Jugué al rugby entre los 11 años y los 21. En Belgrano Athletic Club encontré a mis mejores amigos, que ya con 43 años, todavía me rodean. Fuimos una camada bastante mala en rugby (nunca salimos campeones y perdíamos casi todos los partidos) pero muy buena en amistad. Hoy valoro mucho más eso porque pasan los años y nos seguimos viendo con muchos de los integrantes de “la 76”. Lo entendí de grande pero era obvio: el rugby, el deporte como juego, no importaba tanto. No éramos fanáticos. Era una excusa para vernos en los entrenamientos y después el fin de semana para jugar, ir a ver a la primera, salir al boliche, etc. Nos divertíamos mucho juntos y aún lo hacemos. Y ahora también lo hacen nuestros hijos entre ellos. Mis amigos, esos amigos, son incondicionales, son como hermanos para mí. Podemos pensar distinto en mil cosas pero siempre van a estar a mi lado para lo que necesite y yo al lado de ellos.

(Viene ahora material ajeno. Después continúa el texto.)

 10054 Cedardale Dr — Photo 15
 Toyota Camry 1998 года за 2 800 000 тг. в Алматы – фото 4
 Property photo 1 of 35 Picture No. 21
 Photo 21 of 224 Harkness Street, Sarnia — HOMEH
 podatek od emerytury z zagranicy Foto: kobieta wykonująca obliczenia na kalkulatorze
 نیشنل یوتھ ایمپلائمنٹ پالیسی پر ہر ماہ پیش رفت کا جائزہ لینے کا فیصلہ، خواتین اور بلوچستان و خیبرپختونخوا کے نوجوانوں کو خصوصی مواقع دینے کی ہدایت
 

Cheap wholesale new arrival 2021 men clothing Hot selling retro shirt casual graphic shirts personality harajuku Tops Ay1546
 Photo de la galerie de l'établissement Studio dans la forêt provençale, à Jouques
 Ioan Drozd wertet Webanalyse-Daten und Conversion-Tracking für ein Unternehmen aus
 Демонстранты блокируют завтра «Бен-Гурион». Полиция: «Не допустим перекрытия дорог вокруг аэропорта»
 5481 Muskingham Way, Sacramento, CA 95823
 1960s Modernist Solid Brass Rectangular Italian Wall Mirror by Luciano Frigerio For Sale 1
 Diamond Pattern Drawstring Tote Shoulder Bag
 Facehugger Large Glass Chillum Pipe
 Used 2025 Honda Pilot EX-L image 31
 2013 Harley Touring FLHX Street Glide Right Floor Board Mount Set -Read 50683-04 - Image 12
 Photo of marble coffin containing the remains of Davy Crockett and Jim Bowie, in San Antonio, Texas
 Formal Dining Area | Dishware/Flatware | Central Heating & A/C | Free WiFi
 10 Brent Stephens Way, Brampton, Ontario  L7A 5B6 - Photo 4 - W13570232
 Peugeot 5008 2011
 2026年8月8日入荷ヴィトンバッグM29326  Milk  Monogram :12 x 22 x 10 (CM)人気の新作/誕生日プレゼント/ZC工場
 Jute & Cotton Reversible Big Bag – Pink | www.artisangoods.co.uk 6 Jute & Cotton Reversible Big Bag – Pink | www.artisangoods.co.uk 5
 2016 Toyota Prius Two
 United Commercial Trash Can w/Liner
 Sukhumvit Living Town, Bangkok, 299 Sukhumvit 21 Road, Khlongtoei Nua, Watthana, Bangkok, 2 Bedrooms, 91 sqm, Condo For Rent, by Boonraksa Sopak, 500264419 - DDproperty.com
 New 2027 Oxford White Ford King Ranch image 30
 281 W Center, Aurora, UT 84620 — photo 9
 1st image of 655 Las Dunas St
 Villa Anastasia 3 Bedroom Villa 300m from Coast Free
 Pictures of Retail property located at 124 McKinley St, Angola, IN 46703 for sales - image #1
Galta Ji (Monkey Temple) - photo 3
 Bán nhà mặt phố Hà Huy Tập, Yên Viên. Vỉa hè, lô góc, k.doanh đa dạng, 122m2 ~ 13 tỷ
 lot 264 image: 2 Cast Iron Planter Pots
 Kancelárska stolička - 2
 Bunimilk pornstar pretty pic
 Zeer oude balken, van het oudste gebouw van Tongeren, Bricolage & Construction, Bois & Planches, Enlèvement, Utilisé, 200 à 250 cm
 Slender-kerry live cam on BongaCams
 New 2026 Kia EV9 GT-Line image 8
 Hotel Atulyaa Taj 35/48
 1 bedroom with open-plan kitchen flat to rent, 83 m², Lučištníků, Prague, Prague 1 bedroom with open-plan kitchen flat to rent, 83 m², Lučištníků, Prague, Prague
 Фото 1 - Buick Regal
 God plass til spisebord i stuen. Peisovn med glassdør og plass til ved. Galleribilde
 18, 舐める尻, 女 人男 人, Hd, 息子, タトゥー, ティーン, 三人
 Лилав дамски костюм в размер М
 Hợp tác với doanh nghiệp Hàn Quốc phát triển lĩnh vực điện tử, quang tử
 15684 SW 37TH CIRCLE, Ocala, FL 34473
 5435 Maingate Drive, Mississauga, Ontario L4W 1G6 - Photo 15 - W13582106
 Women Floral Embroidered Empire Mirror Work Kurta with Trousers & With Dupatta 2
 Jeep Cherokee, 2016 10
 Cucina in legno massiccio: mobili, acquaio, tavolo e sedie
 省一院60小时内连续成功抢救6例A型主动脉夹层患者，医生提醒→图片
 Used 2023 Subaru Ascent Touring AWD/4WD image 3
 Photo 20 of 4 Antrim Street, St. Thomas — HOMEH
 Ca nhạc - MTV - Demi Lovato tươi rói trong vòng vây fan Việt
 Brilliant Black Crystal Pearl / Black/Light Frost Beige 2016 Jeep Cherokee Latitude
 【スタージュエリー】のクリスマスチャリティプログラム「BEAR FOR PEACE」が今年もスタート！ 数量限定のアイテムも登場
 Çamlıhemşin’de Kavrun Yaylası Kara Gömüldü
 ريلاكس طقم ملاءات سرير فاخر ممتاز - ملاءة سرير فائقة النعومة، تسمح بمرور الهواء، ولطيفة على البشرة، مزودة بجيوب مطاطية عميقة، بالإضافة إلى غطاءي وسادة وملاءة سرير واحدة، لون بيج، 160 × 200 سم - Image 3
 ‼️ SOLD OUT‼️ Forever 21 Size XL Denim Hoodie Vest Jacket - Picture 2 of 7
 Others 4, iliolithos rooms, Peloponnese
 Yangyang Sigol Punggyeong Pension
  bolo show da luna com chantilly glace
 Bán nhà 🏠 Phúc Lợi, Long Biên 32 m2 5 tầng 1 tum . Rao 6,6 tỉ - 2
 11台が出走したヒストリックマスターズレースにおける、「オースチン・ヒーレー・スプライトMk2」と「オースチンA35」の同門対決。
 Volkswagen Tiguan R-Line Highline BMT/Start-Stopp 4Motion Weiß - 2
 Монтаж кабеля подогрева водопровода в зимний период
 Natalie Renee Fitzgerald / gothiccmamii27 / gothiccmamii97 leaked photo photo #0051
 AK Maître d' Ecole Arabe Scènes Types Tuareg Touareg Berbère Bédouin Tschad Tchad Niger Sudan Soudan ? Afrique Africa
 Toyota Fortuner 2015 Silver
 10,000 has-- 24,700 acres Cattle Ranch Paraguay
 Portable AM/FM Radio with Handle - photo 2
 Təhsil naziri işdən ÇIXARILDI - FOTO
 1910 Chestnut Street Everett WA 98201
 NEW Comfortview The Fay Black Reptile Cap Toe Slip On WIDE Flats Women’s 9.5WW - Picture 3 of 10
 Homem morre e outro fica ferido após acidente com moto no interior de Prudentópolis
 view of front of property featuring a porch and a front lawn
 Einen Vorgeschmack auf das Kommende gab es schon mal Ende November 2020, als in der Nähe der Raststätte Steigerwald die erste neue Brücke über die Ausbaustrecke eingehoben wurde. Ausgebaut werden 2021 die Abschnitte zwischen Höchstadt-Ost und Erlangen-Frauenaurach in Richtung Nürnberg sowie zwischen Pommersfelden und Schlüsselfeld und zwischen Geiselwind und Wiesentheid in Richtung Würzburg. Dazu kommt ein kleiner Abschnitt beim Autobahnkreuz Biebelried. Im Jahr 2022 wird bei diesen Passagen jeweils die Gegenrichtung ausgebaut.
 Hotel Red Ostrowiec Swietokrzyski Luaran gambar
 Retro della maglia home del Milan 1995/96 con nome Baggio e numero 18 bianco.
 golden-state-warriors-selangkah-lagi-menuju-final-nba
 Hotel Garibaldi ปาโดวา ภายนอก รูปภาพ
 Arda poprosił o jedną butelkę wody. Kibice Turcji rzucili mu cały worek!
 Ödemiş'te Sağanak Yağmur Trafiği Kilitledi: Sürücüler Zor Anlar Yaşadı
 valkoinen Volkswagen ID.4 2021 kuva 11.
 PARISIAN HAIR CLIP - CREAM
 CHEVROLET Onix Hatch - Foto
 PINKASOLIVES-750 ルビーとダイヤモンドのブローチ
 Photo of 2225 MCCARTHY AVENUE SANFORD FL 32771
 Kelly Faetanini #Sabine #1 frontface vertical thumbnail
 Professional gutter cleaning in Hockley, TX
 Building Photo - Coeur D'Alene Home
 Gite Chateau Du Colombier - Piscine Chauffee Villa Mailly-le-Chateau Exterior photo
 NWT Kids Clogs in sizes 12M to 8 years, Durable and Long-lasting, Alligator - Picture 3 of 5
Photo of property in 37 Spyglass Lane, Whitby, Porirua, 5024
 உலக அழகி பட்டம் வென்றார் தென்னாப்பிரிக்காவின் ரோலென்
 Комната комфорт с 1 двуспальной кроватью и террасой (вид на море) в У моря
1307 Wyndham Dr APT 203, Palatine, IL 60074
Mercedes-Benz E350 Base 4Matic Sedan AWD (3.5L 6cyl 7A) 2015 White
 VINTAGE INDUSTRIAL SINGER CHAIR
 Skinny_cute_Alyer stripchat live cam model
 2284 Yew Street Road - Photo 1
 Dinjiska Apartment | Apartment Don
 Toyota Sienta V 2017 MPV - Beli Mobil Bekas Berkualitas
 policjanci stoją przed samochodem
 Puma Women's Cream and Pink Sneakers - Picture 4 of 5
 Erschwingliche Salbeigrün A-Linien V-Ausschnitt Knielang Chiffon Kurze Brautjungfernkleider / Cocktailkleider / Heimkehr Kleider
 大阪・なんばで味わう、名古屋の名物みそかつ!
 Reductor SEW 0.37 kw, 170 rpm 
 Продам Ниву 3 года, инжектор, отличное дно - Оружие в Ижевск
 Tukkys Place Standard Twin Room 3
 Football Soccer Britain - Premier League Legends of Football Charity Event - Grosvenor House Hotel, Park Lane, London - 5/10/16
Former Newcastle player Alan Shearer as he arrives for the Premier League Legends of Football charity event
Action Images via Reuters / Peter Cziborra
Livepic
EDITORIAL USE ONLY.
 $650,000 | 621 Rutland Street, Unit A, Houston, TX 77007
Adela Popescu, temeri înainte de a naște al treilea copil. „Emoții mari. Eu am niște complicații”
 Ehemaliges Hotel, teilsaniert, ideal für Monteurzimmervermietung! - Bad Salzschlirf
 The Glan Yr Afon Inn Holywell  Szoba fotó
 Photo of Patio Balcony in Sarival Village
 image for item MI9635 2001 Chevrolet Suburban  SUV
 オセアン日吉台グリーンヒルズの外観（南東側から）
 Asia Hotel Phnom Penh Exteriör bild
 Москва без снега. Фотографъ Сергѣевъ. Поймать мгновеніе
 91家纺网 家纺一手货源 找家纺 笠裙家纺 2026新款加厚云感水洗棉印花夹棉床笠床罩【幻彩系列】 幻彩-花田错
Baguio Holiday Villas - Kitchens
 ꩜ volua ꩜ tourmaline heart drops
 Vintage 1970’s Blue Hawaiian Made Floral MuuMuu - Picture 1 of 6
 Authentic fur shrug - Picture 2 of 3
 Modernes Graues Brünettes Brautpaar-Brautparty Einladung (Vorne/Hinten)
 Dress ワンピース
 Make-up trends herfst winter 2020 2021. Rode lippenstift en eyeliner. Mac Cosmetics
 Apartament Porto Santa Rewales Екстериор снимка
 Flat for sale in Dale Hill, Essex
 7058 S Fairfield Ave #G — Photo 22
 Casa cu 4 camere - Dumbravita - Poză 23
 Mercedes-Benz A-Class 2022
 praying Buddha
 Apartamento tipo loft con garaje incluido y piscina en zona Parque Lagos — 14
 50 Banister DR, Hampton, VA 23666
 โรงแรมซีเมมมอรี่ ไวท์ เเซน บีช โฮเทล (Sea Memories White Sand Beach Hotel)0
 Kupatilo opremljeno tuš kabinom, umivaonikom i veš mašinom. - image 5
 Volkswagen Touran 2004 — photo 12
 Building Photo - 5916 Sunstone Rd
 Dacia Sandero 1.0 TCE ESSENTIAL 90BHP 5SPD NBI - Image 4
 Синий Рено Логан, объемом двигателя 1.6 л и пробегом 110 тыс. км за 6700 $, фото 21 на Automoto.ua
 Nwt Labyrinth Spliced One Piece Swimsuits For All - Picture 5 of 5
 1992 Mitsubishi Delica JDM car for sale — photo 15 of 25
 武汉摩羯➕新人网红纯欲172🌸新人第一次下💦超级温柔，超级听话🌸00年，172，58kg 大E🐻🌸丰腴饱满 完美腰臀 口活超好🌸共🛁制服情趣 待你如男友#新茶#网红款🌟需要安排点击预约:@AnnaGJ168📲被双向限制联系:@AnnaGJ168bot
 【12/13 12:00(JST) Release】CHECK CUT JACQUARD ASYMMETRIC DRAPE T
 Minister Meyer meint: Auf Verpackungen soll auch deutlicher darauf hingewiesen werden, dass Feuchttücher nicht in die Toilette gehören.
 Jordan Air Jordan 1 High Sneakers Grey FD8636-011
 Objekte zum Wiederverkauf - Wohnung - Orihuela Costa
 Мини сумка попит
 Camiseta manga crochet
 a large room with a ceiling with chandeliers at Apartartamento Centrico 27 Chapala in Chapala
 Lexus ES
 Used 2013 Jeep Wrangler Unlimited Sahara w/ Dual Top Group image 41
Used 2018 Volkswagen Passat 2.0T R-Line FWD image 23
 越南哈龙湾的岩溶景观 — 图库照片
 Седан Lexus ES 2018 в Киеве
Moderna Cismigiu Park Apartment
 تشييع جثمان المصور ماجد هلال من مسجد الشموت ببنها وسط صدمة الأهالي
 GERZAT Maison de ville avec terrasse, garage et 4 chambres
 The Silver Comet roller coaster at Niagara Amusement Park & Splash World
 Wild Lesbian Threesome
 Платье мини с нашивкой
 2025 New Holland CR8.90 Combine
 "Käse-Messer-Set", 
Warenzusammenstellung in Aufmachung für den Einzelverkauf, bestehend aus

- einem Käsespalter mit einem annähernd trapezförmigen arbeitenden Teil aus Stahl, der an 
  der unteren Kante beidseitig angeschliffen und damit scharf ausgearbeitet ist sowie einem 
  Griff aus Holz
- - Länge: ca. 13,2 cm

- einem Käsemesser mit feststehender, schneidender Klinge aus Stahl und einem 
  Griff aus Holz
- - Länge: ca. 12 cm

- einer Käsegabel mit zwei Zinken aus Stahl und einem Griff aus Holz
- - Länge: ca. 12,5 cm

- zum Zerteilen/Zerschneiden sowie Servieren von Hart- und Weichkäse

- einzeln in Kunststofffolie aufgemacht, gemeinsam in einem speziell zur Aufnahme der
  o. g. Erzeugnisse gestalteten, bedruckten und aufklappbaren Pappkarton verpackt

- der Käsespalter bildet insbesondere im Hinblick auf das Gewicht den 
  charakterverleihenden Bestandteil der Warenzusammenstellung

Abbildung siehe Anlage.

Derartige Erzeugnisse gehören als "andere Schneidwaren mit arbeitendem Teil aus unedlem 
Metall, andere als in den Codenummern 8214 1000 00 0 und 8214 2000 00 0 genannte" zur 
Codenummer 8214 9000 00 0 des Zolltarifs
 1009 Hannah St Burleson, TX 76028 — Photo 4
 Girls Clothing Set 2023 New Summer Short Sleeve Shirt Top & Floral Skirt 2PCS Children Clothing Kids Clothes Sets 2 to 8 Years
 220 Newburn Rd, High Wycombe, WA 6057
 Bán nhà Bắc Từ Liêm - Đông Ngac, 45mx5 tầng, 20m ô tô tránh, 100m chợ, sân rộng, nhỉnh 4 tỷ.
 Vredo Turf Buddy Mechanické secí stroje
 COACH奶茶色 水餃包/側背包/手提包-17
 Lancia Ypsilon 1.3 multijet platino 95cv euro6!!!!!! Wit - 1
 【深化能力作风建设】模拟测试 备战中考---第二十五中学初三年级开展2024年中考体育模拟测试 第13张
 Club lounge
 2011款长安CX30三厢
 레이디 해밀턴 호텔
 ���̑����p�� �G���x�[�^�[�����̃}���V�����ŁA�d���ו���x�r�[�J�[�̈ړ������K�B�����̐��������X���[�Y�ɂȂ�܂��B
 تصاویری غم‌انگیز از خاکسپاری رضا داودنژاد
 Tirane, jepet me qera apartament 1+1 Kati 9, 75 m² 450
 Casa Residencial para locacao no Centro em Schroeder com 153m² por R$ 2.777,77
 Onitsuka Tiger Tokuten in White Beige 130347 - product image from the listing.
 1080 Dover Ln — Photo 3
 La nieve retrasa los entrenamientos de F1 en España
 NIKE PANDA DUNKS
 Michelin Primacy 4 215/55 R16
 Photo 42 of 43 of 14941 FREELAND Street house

Ni el rugby ni el machismo están excluidos del aberrante asesinato de Fernando Báez Sosa en Villa Gesell. Ya es hora de que toda la autodenominada “familia” del rugby haga una autocrítica sincera y honesta sobre las costumbres que rodean al deporte. Me refiero a la cultura rugbier que nace y se esparce fuera de la cancha. En los terceros tiempos, en las previas, en los boliches, en los veranos cuando se van en grupo a vivir a una misma casa. Es una cultura dominada totalmente por el alcohol en exceso, las trompadas, el “mano a mano” cómo método de validación y triunfo, las peleas grupales (“la general”) como medición de fuerza frente a otros grupos, camadas o clubes rivales. O incluso frente a otras tribus, clase social o religiones distintas: gays, judíos, grasas y “negros villeros”. Porque en el ambiente del rugby, que ya se sabe es bastante conservador, también hay homofobia, xenofobia, machismo y discriminación. Aunque muchos lo nieguen, por el motivo que sea.